China blasts US bill aimed at challenging its growing global influence as 'full of Cold War mentality'
- China ripped into the US over a new global competition bill that aims to undermine Beijing's goals.
- China characterized the bill as "full of Cold War mentality and ideological prejudice."
- The bill would pour $250 billion into research and development to make the US more competitive with China.
China on Wednesday issued scathing criticism of a bipartisan bill designed to make the US more competitive with Beijing on the global stage by pouring billions into research and development.
The Foreign Affairs Committee of China's National People's Congress in a statement denounced the bill as "full of Cold War mentality and ideological prejudice."
"It slanders China's development path and its domestic and foreign policies," the statement added, per The Washington Post.
The US Innovation and Competition Act, which passed in the Senate on Tuesday, would provide $250 billion to invest in an array of research and development areas - ranging from space exploration to computer chips - to help challenge China's growing economic and military strength. The bill also earmarks $300 million for the explicit purpose of countering China's political influence.
President Joe Biden supports the bill, but it still has to pass in the House.
Biden has made countering China's expanding influence across the globe a top foreign policy priority, framing it as part of a broader battle between democracy and autocracy.
"We're in competition with China and other countries to win the 21st century. We're at a great inflection point in history," Biden said during his first address to Congress in late April.
The Biden administration has also increasingly criticized China over human rights abuses, issuing sanctions against Chinese officials in March over what Secretary of State Antony Blinken denounced as the "genocide" of Uyghurs in Xinjiang.
Even before Biden won the 2020 election and took office, top experts warned that the US and China were on the brink of a new Cold War akin to what was seen between the US and Soviet Union during the 20th century. In a veiled message to Biden in late January, Chinese leader Xi Jinping warned against the consequences of a new Cold War.
"To build small circles or start a new Cold War, to reject, threaten or intimidate others, to willfully impose decoupling, supply disruption or sanctions, and to create isolation or estrangement will only push the world into division and even confrontation," Xi said at the time.
Meanwhile, Blinken has pushed against labeling the escalating competition between Washington and Beijing as such.
"I resist putting labels on most relationships, including this one, because it's complex," Blinken said during an interview with the Financial Times in early May. "And as I said, if you look at it, we've seen unfortunately in recent years the government in Beijing acting more repressively at home and aggressively abroad. And when I look at the relationship, I see adversarial aspects. I see competitive aspects. I see cooperative aspects - all three."

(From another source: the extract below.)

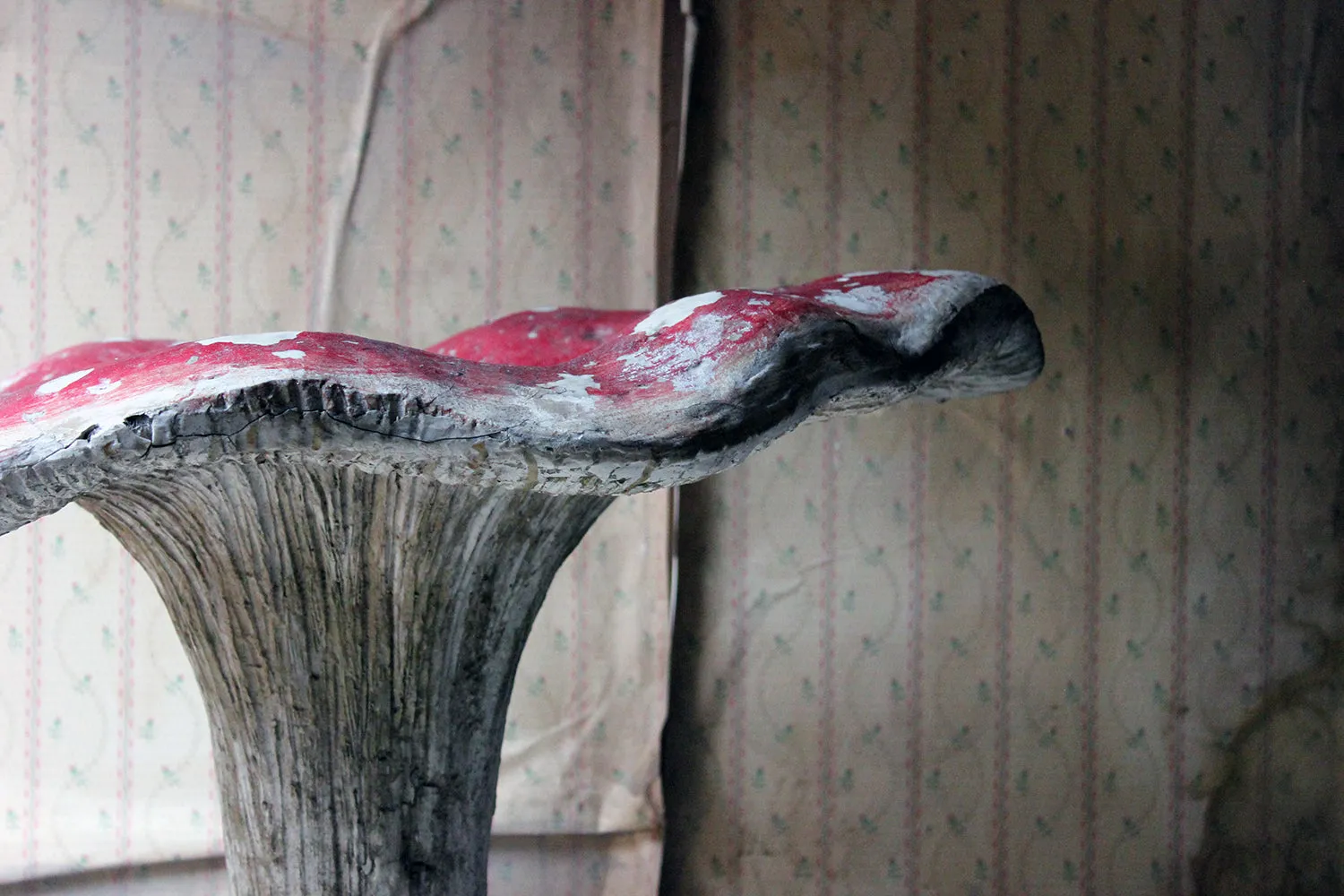 A Large Stylised Mid-20thC Painted Plaster & Fibreglass Theatre Prop Model of a Fly Agaric Toadstool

Bonnie Chan, a fellow with the China Power Project at the Center for Strategic and International Studies, recently told Insider that the US-China competition does not fit the profile of a "Cold War" quite yet.

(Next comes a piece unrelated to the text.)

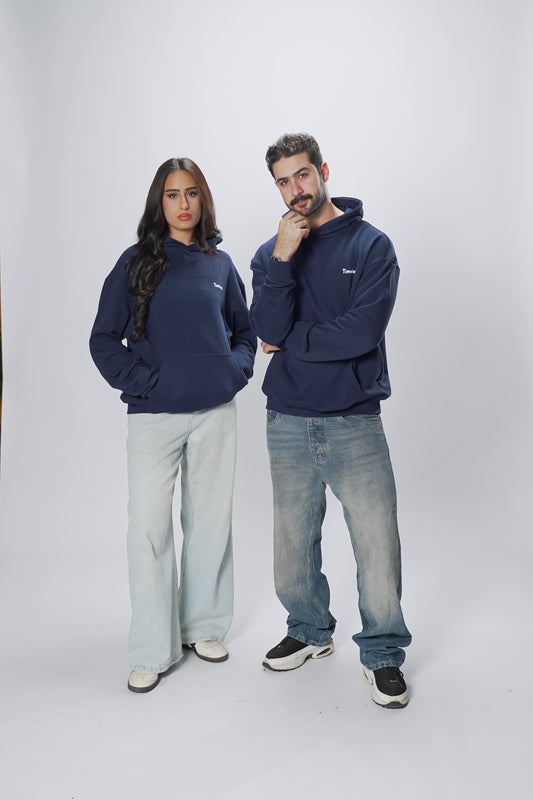 Hoodie Oversize blue black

Chan said there's "no doubt" it qualifies as a "great power competition," but it's "not exactly" a Cold War up to this point.
"The intensity of China's territorial conflicts, as well as the level of US involvement on the other side of the conflicts, are not high enough to warrant the Cold War characterization," Chan said, while adding that the interconnectedness of the US and Chinese economies also makes it difficult to say the competition has reached the same scale as the Cold War.
"There was a lot less economic cooperation between the two blocs during the Cold War," Chan said. "Today, the supply chains of most goods span across regions. There are segments of the economy where China is striving to achieve independence, such as semiconductors. But for most other segments, both the US and China are dependent on each other for suppliers and buyers. It is difficult to envision a significant degree of economic decoupling other than in limited sectors."